One of the first elements which fascinated me when I saw Much Ado About Nothing was the song which is heard and seen at the beginning of this play, written by William Shakespeare in 2.3 of his Quarto’s edition, it looked great on this paper :
Sigh No More, Ladies
Sigh no more, ladies, sigh no more,
Men were deceivers ever;
One foot in sea, and one on shore,
To one thing constant never.
Then sigh not so,
But let them go,
And be you blithe and bonny,
Converting all your sounds of woe
Into Hey nonny, nonny.
Sing no more ditties, sing no mo
Of dumps so dull and heavy;
The fraud of men was ever so,
Since summer first was leavy.
Then sigh not so,
But let them go,
And be you blithe and bonny,
Converting all your sounds of woe
Into Hey nonny, nonny.
I think it is clear this poem is intended for women because it launches a fierce attack on men at the same time it states,  by the verb  ‘sigh’, women worry about men and they suffer constantly for them. ‘One foot in sea, and one on shore’ represents how lacking in perseverance and changeable men are.

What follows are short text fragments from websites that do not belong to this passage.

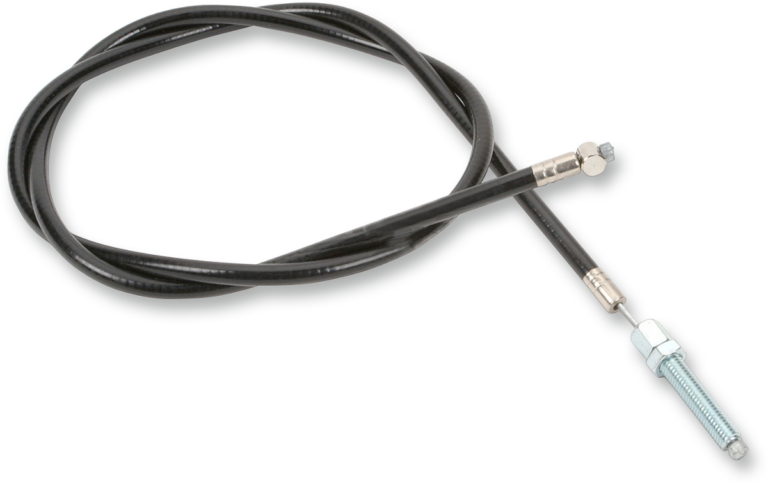 PARTS UNLIMITED - Custom Fit Snowmobile Brake Cable - Yamaha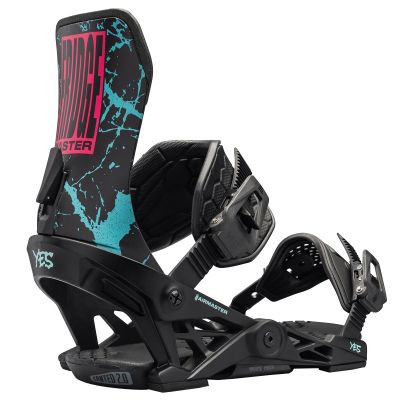 YES Airmaster Fridge Bindings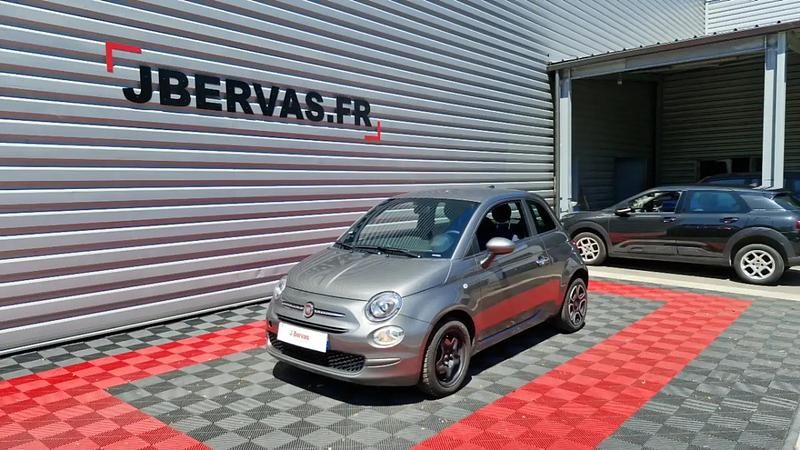 Utilisé 2022 Fiat 500 S Berline | 10 990 € (Prix juste) - Image 1/4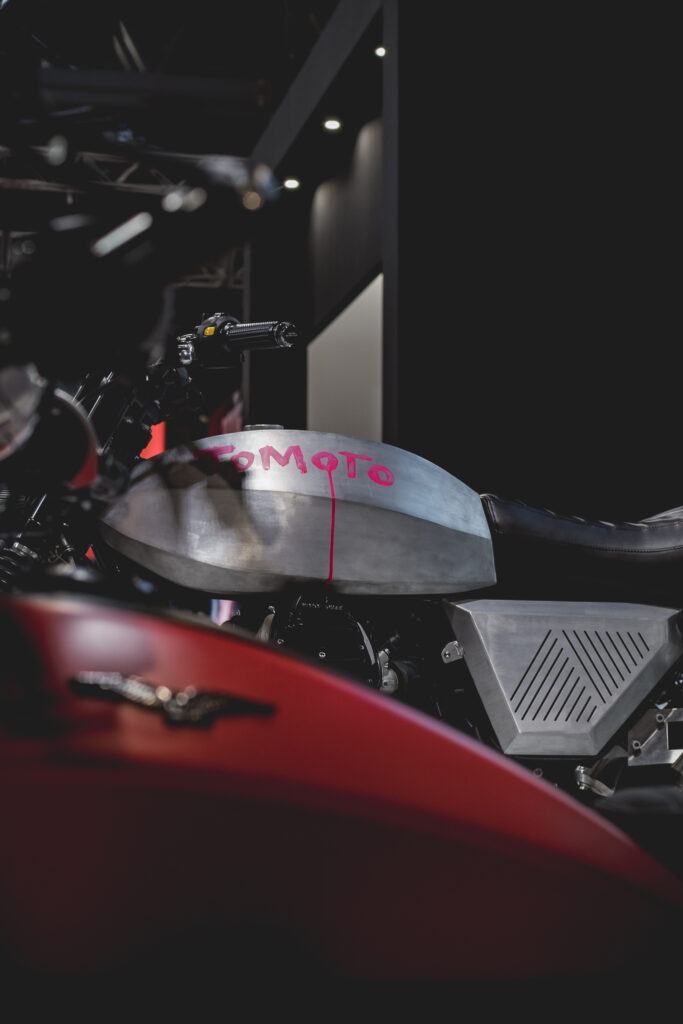 Moto Guzzi Custom long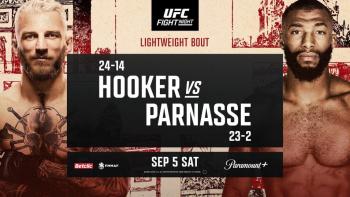 UFC Fight Night 287 - Dan Hooker vs. Salahdine Parnasse : Fight Promo | Paris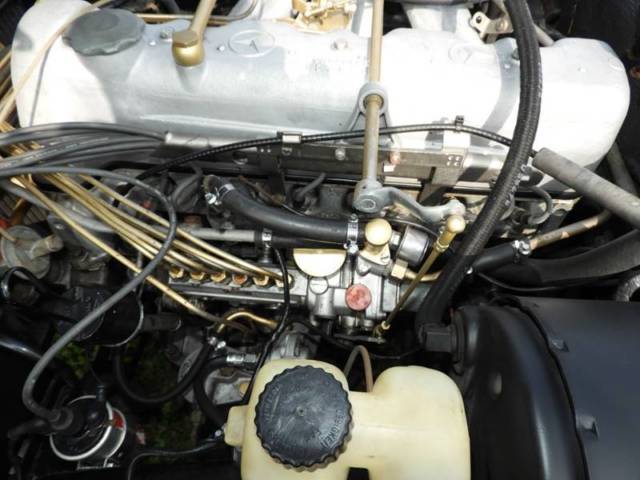 1965 Mercedes-Benz Other - photo 9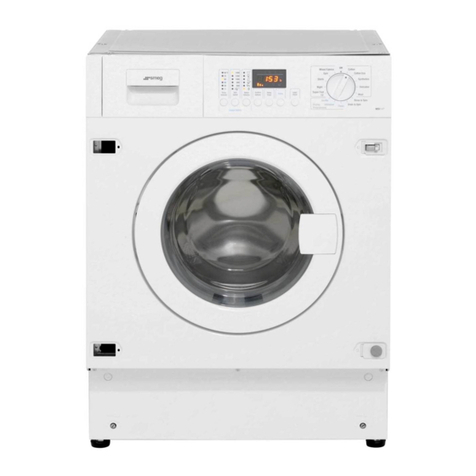 Smeg WDI147D User manual Smeg WDI147D User manual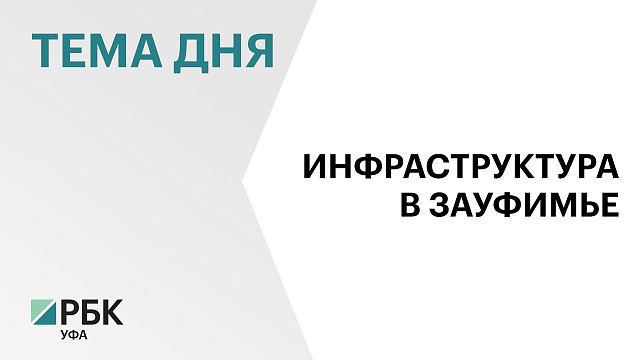₽13,5 млрд запросил Башкортостан на развитие инфраструктуры Зауфимья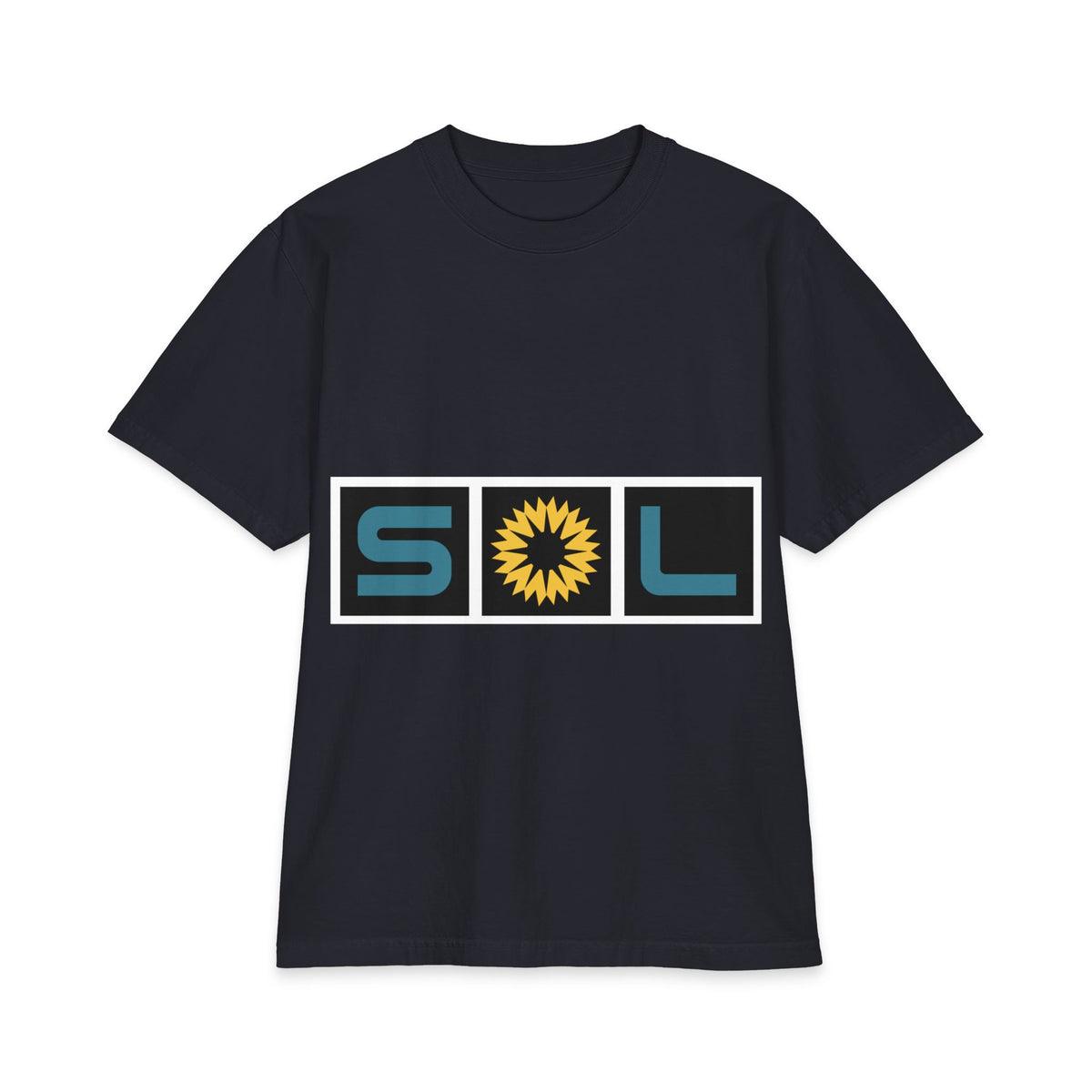Max Heavyweight Short Sleeve Tee
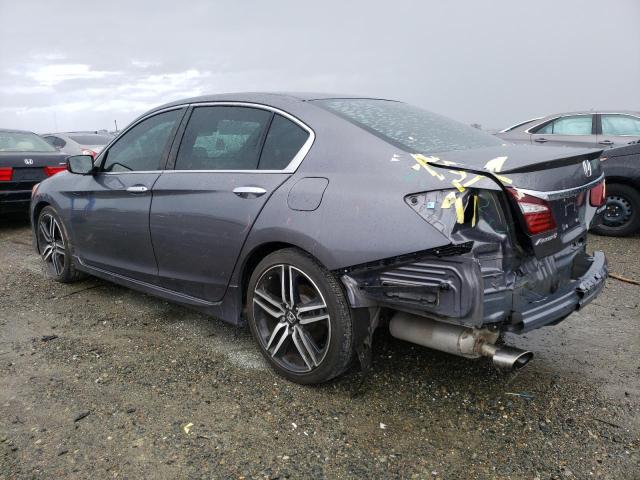 Photo 1 VIN: 1HGCR2F64GA132906 - HONDA ACCORD 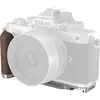 Image de SmallRig 4803 Poignée en bois en forme de L pour Nikon Z fc (Argent) (Poignée), Accessoires vidéo, Argent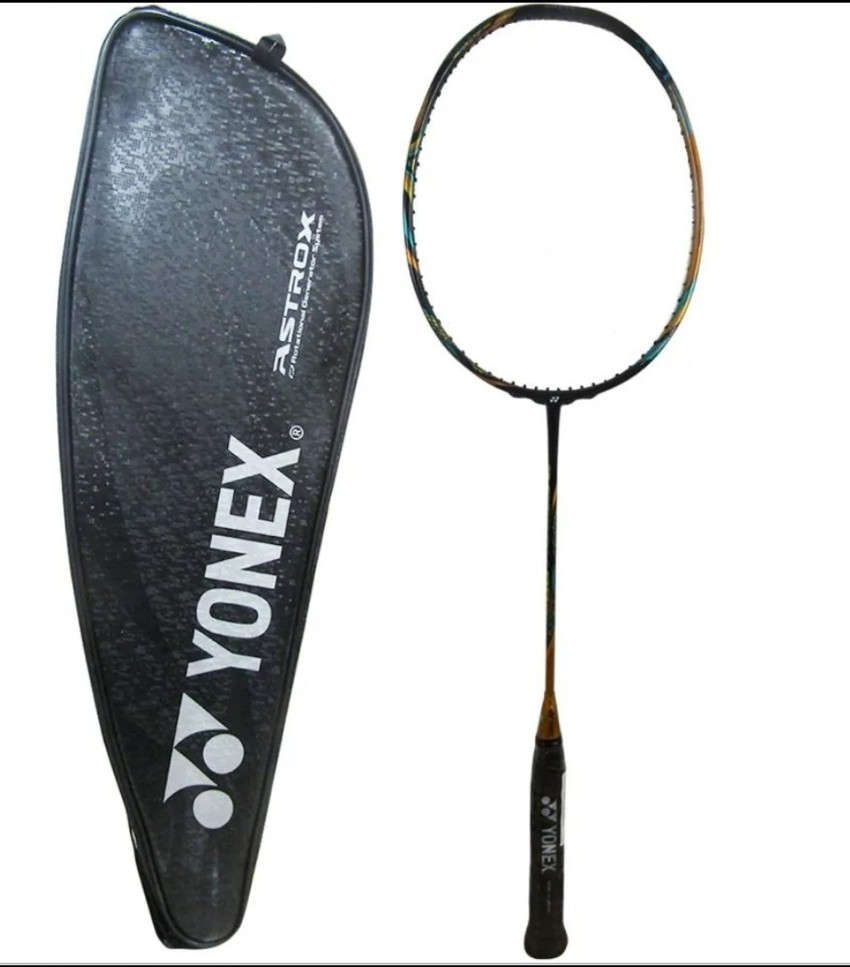 YONEX ASTROX 88D PRO(4U/G5)- ( Japan) Gold, Green Unstrung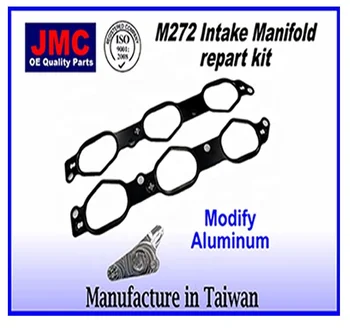 Intake Manifold Repair Kit Aluminum For Mercedes M272 M273 2721412208 ...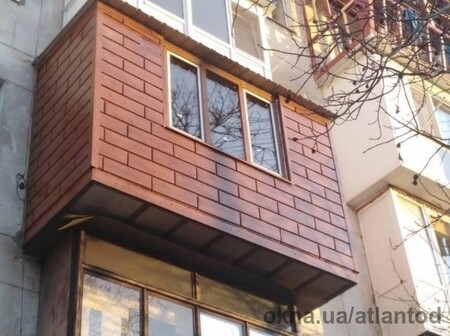 Балконы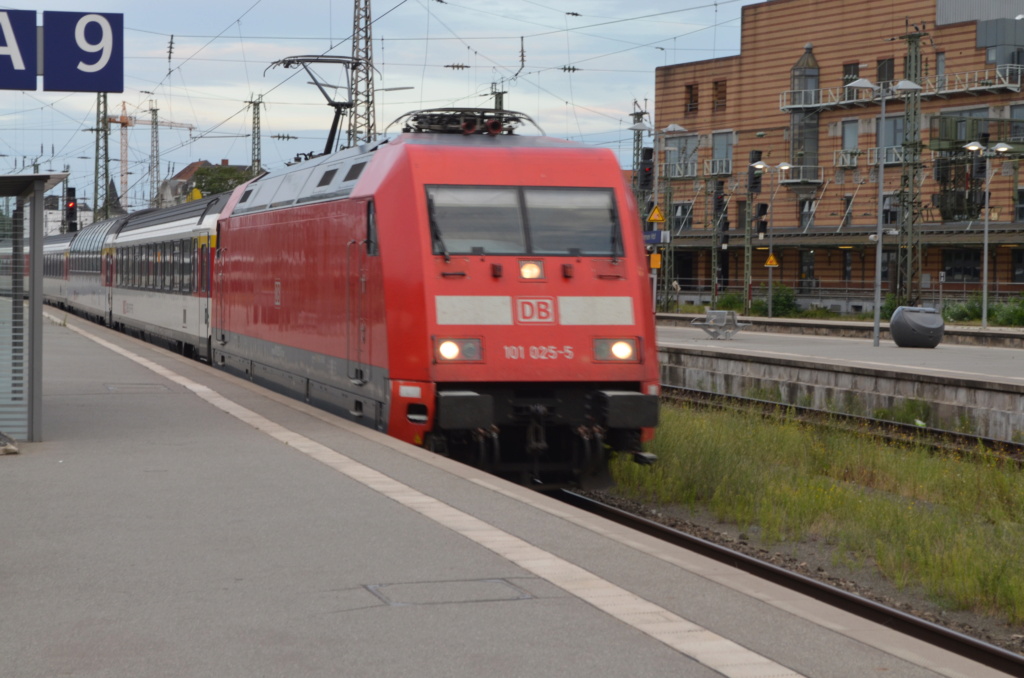 Bahn-Impressionen aus Bremen 20200732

So Shakespeare encourages women to forget men and to be sturdy: ‘But let them go, and be you blithe and bonny’. Here there is the first feminist approach of this play.
Kenneth Branagh put these words in Beatrice’s mouth not randomly. She will be the heroine in this play and I am going to analyze some of her speeches and actions.
At the beginning she looks like an independent and self-confidence woman by her questions about Don Pedro’s arrival from a war in which they have been victorious. Apparently harmony reigns but Beatrice’s words show resentment and how witty she is:
‘He set up his bills here in Messina and challenged Cupid at the flight; and my uncle’s fool, reading the challenge, subscribed for Cupid, and challenged him at the bird-bolt’I pray you, how many hath he killed and eaten in these wars? But how many hath he killed? for indeed I promised to eat all of his …And a good soldier to a lady: but what is he to a lord?…It is so, indeed; he is no less than a stuffed man:but for the stuffing,–well, we are all mortal.’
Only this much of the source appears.